We have Officer Palone, who’s been acting as the officer in charge, and, essentially, been functioning as the interim chief and what I would like to propose before the selectmen and I don’t think we need to decide upon this but I’m going to throw this in tonight, is that we consider appointing Officer Palone as the Interim Chief at his current salary and then appointing Officer Carlson, in addition to his normal duties, as Chief Investigation Officer of the management report, because he is a certified detective, and also a certified trainer in the State of Massachusetts, to investigate and report to the board of selectmen on a weekly basis or at each and every one of our meetings until such time as we have been able to resolve the issues that have been identified within the management report. Again, it’s not a motion, it’s just a suggestion.
Selectman Turner: Yes, sir.
Speaker: I recall that this issue of appointing an interim chief came up at a select board meeting, and the impression I got, and I didn’t take notes, was that this was the suggestion or request of one or more of the outside agencies that had been consulted, the District Attorney, or the Attorney General, or somebody of that ilk.
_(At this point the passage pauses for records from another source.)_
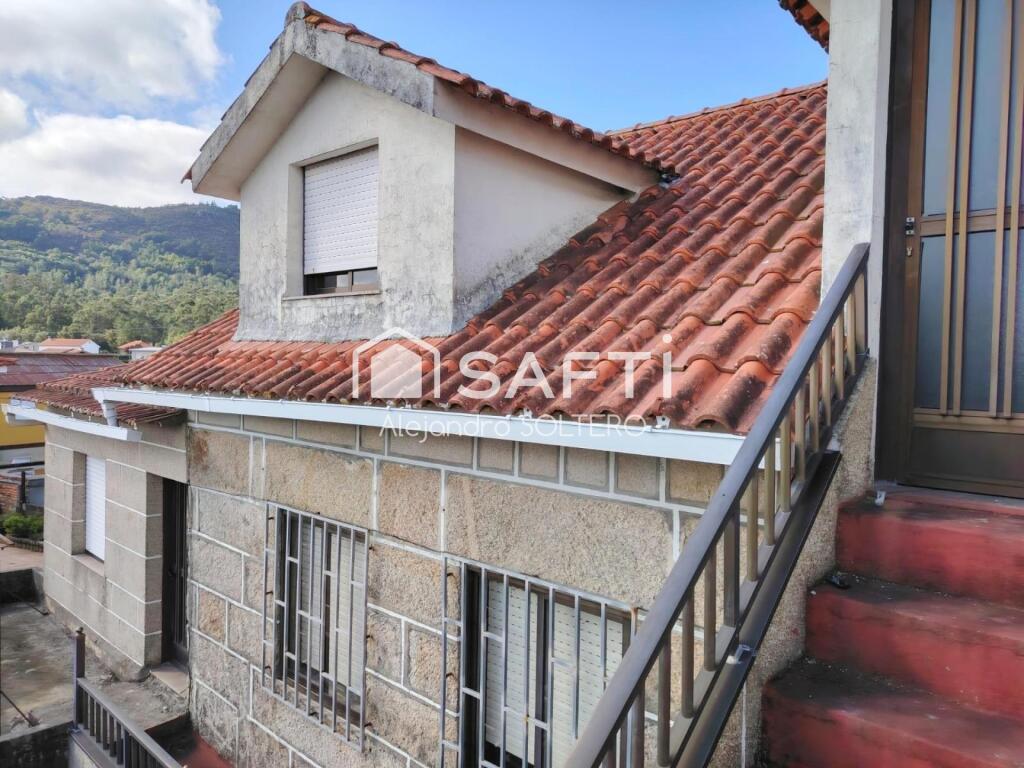 Imagen 3 de Casa de piedra en Valladares con jardín y garaje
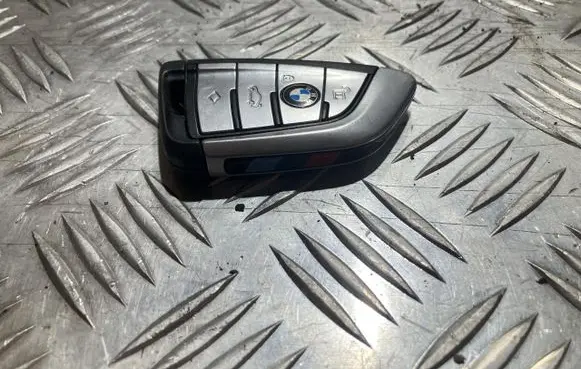 BMW 5 G30 G31 G38 Ignition key/card TM29349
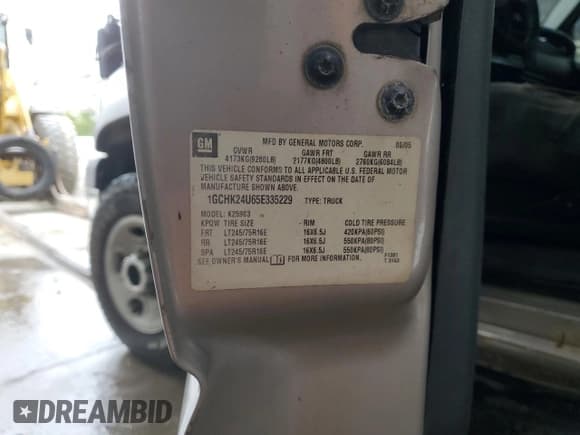 ✅ 2005 Chevrolet Silverado 2500HD Work Truck • VIN: 1GCHK24U65E335229 • Lot: 69872675. Wystawiony na Copart z przebiegiem 141 227 mil. Bezpłatny archiwum sprzedaży aukcyjnych z USA i szczegółowy raport historii pojazdu na DreamBid. Zdjęcie 12.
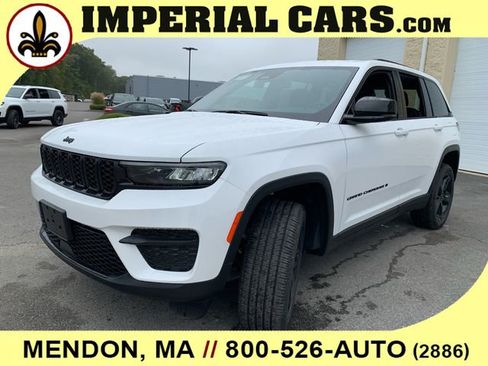 New 2025 Jeep Grand Cherokee Altitude image 6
Now, I, I’ve just, if that’s the case, then wouldn’t their reasons for making that suggestion constitute the heart of a job description for such a person and, if that’s not the case, I’ve got it all wrong, then I wonder why, then, you should consider an outside person at all. I mean, I can see why the state might make such a recommendation, but I’m not 100% sure in my own mind that they did. I may have misheard them.
Selectman Brazie: No, actually a state office did make that recommendation as well as the consulting firm that did our management study and our legal counsel. All three of them made the same recommendations for very valid reasons, I feel. So, we’ll go from here, I guess, and—
Selectman Turner: I think we’ll—
Selectman Brazie: —pull together—
Selectman Turner: I hate to say it, but let’s put together some job descriptions and duties and responsibilities and be ready to do things. And if we can find nothing against the two that we interviewed but if somebody else pops up, I’d like to interview them, too. Okay?
Selectman Brazie: Mm hm.
Selectman Turner: Okay, with you, Charlie?
Selectman Flynn: Works for me.
Selectman Turner: Then we’ll do, deal with that next Monday.
Selectman Brazie: Okay.
Selectman Turner: Do we have any selectmen’s items?Selectman Brazie: I do. May meetings, as you know it’s town meeting, it’s the first week of May, right?